It's a good book, I gave a little feedback on a draft IIRC.

Regarding great optimisation, people interested in compilers should look
at LLVM, http://llvm.org/  It's outstanding the optimisations they've
achieved, e.g. a malloc'd linked-list of structs might be turned into
one vector per struct member.  This removes the per-element malloc
overhead, and gives better CPU cache performance.  This isn't a dumb
translation;  it only does it if there's benefits.

Cheers,


Ralph.

Subject: Re: [gnupic] Linker Optimizations
From: David ####@####.####
Date: 9 Mar 2007 23:20:25 +0000
Message-Id: <20070309171717.0a9b0a3d@DEEPTHOUGHT.BARNET.net>

On Mon, 05 Mar 2007 13:44:31 -0800
Scott Dattalo ####@####.#### wrote:

> One of the risks you'll face is that subtle source code changes have 
> drastic impact on code generation. For example, adding a second call
> to some function may prohibit it from being inlined which in turn
> causes the 8-level stack to overflow. I suppose if you're counting on
> this type of optimization, then perhaps you'll need to ensure your
> assumptions are validated! (For example, you might need to create
> simulation regression tests.)
Most of the functions I'm dealing with are fundamentally designed to be
called from only one location.  They're things like a "button machine"
function to be run from a "main loop".  I know there are lots of other
scenarios where small changes have big effects, though.  Hopefully
in time we can make the optimizer smart enough not to get tripped up
with some of the more trivial things.

> There's no doubt that adding an optimizer to the linker will be a 
> challenging job. As far as being manageable, I guess that depends on
> who is managing! If you're interested, then I'd suggest diving into 
> gputils/gputils/gplink/ and try getting a basic understanding on how 
> things are structured. In particular, try to understand how program 
> memory and register memory are dealt with.

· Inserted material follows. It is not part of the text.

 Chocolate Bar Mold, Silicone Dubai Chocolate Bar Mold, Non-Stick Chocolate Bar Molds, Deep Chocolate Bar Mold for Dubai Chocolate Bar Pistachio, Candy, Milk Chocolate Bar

See if it's possible to 
> annotate the preexisting structures with new information you can use
> for optimization.
FYI, I've been making my way through the headers for gplink and digging
through some of the code.  It's pretty simple and concise for the most
part.  I haven't seen anything dealing with memory or registers yet,
though.

> After that, check out sdcc/sdcc/src/pic/ and
> attempt to get some basic understanding on how the pcode stuff is
> used.
I glanced over that and it made me dizzy =).  I think I'll spend some
more time going through gplink before getting back to that.

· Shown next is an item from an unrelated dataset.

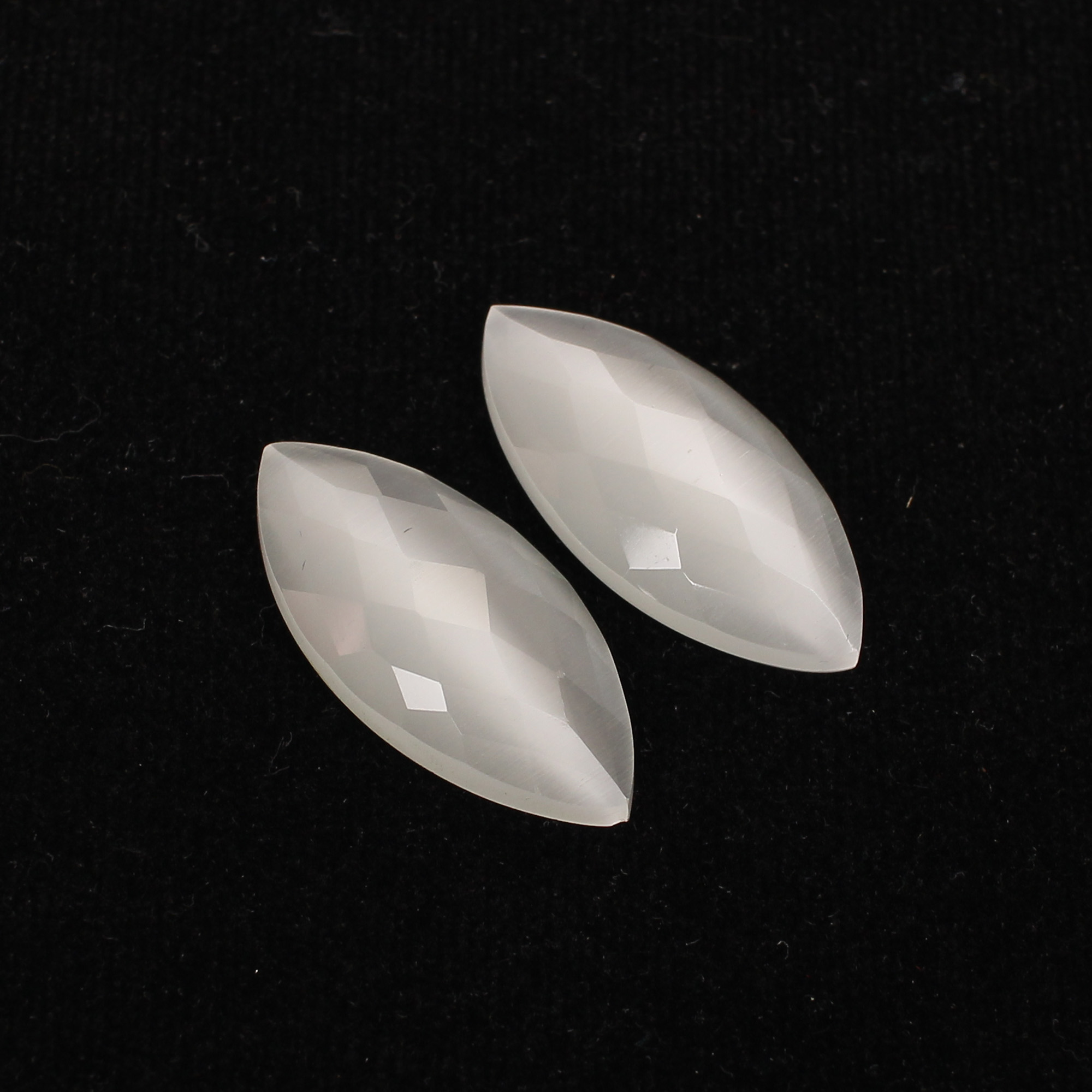 2Pcs White Cats Eye 29x13mm Marquise Checker Cut 3100cts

BTW, how's your other project coming along?

David

Subject: Re: [gnupic] Linker Optimizations
From: Scott Dattalo ####@####.####
Date: 10 Mar 2007 00:13:43 +0000
Message-Id: <45F1F7F8.8000004@dattalo.com>

David wrote:
> FYI, I've been making my way through the headers for gplink and digging
> through some of the code.  It's pretty simple and concise for the most
> part.  I haven't seen anything dealing with memory or registers yet,
> though.
>   

Craig Franklin writes very clean code. Take a look at libgputils/ and in 
particularly at gpmemory.c

>> After that, check out sdcc/sdcc/src/pic/ and
>> attempt to get some basic understanding on how the pcode stuff is
>> used.
>>     
> I glanced over that and it made me dizzy =).  I think I'll spend some
> more time going through gplink before getting back to that.
>   

Craig Franklin writes cleaner code than I do! :) The pCode structures 
are a lot like C++ classes.

> BTW, how's your other project coming along?
>   

If you're referring to the Graphic Display based on the SSD0323, then I 
can report that I've got all of the interfaces working. Initially there 
was only the '8080' mode, now there's the 6800 mode and the SPI mode. By 
the way, the SSP code Roy Rankin added a year ago works perfectly (as 
far as I can tell). I written a sample .asm file that tests all three 
modes. I haven't implemented all of the high level functionality of the 
SSD0323. But I do support the essential commands like set row and column 
ranges.

This work is for a side contract job. That job will probably eat into my 
gpsim development time (but the pay is better!).

The other project that I haven't made any significant progress on over 
the last few weeks is the multiple processor feature. I've made a few 
really minor tweaks to the symbol table code (I rewrote the symbol table 
code as part of the multiple processor effort).

Scott